Me dice al verme pasar frente a su oficina. Me explica que se ha abierto un programa de refuerzo escolar con niños de la comunidad y que la junta directiva ha solicitado al personal del centro juvenil, es decir a Gustavo, apoyo en esta empresa. Concretamente me pide ser el maestro de los niños por las tardes. El refuerzo escolar se llevará a cabo en la casa comunal, un local grande y lúgubre. Ahí ya trabajan como profesores dos novicios que la congregación ha mandado. Sin embargo, no dan abasto. Accedo, creo que esto me permitirá estudiar desde otro ángulo la guerra que está empezando.

- Si querés, andá a darte una vuelta, ahí están ahorita.

Me dice y vuelve a ponerse los audífonos que lo conectan a la computadora.

En la casa comunal, los dos novicios lidian con una manada de niños que se suben por todas partes. Los dos muchachos están asustados. Será un trabajo complicado.

Es tarde y el sol dora la colina. Una ráfaga de viento ahuyenta por unos segundos el calor y se roba del suelo las hojas muertas. Los que se fueron por la mañana comienzan a regresar, suben la pendiente despacio, con calma. Los que han tenido suerte vuelven con sus canastos vacios. Otros aún llevan mercancía que no consiguieron vender.
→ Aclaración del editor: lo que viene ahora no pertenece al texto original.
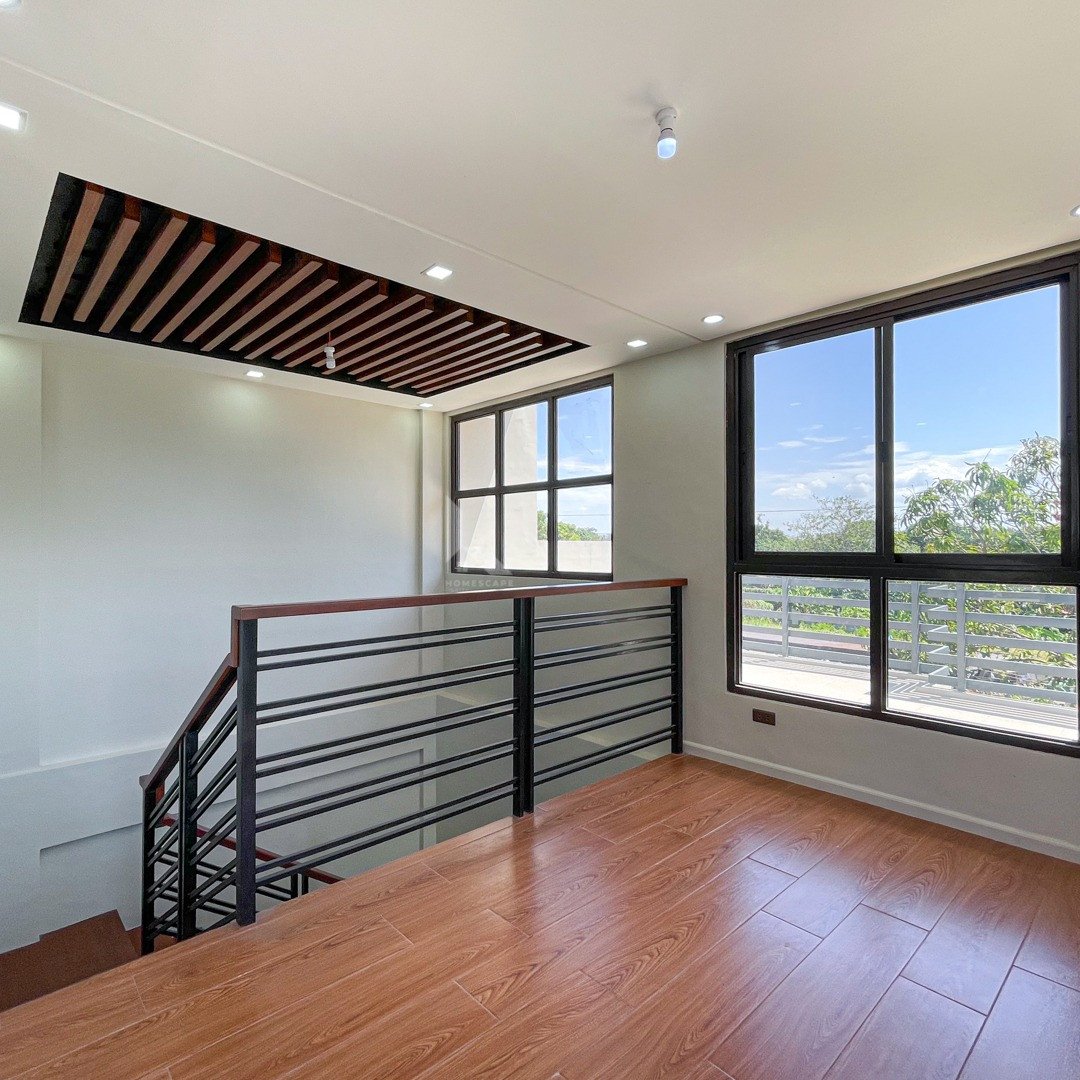 Astounding Modern Contemporary House and Lot For Sale in BF Resort, Las Pinas Ci photo 4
Para estos últimos, la cena, en caso de que haya, será más escueta.

Los Bravos Locos Salvatrucha han salido del centro juvenil y se apostan en una esquina a escuchar la música que sale del celular de Little Man. La divierta no les dura mucho. Desde lejos se ve una patrulla de la policía que sube, casi escala, la calle principal, y los pandilleros corren nuevamente a su refugio.
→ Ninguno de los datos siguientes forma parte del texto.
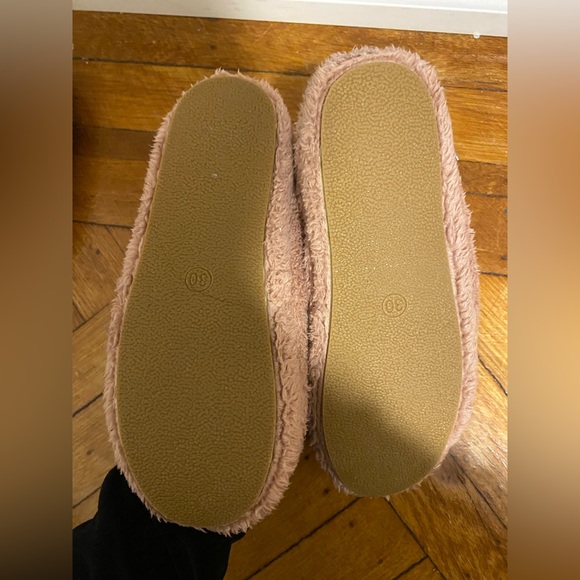 Girls slippers size 30 great condition - Picture 2 of 2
Adentro, El Noche se atraganta con un mango verde y El Camino escribe algo en una libreta. Hugo ha encontrado una pelota y practica su puntería con los demás pandilleros que soportan los pelotazos con resignación. Little Man está molesto, no le gusta tener que esconderse de la policía. Según me cuenta, prefiere espantarlos a balazos, pero la situación no está para ganarse más enemigos. Hecha una mirada de odio a Hugo, y este deja la pelota y se refugia a la vera de El Camino.
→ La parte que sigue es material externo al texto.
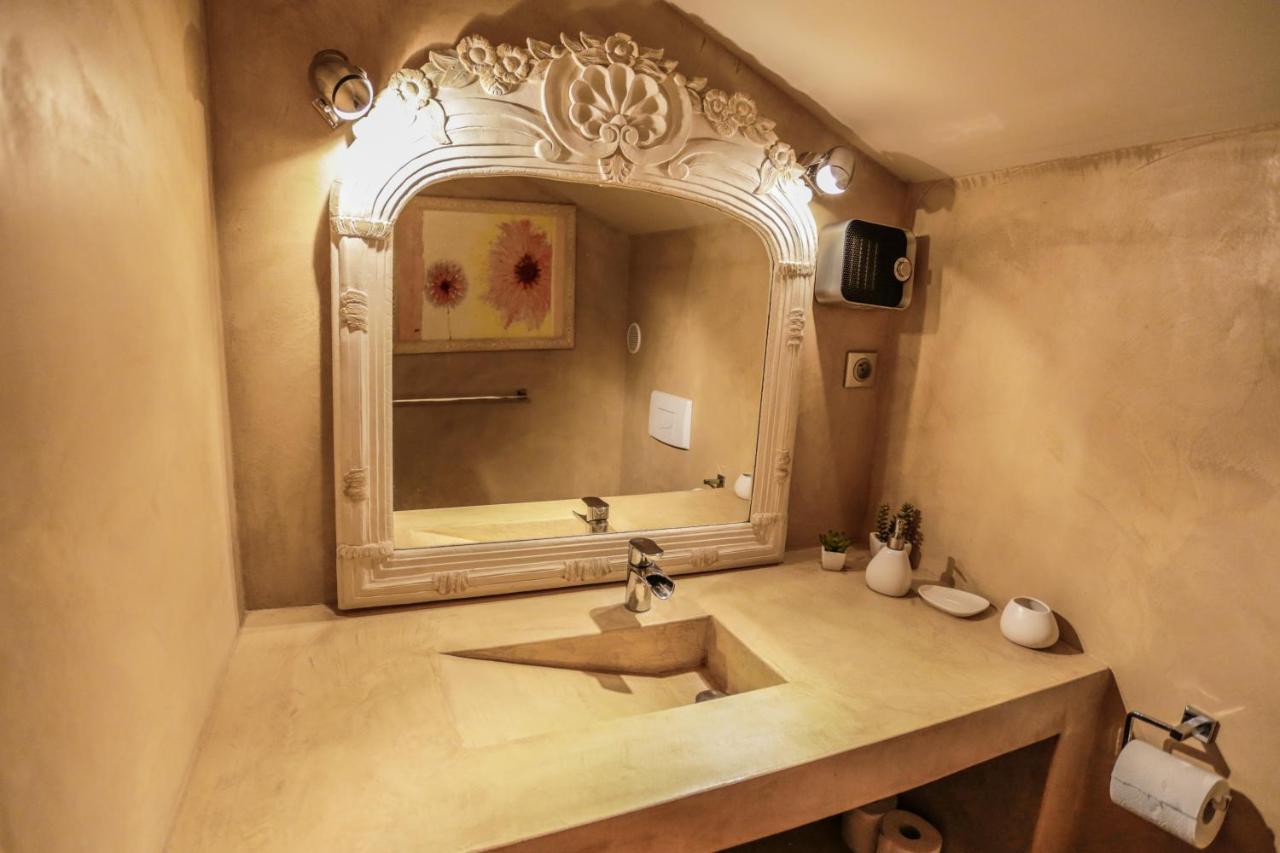 Chambre D'Hotes Couvent D'Alando Luaran gambar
Cae la noche y los aires de guerra vuelven a sentirse en la última comunidad de la colina. Las casas comienzan a cerrarse, los que van llegando parecen rezagados de una gran maratón, apresuran sus pasos y se esconden en sus casas. Al bajar, me cruzo con varias patrullas de la policía que suben a todo motor por la colina, y una vez abajo, en el centro del municipio, varios ojos me miran huraños, como se mira a un enemigo.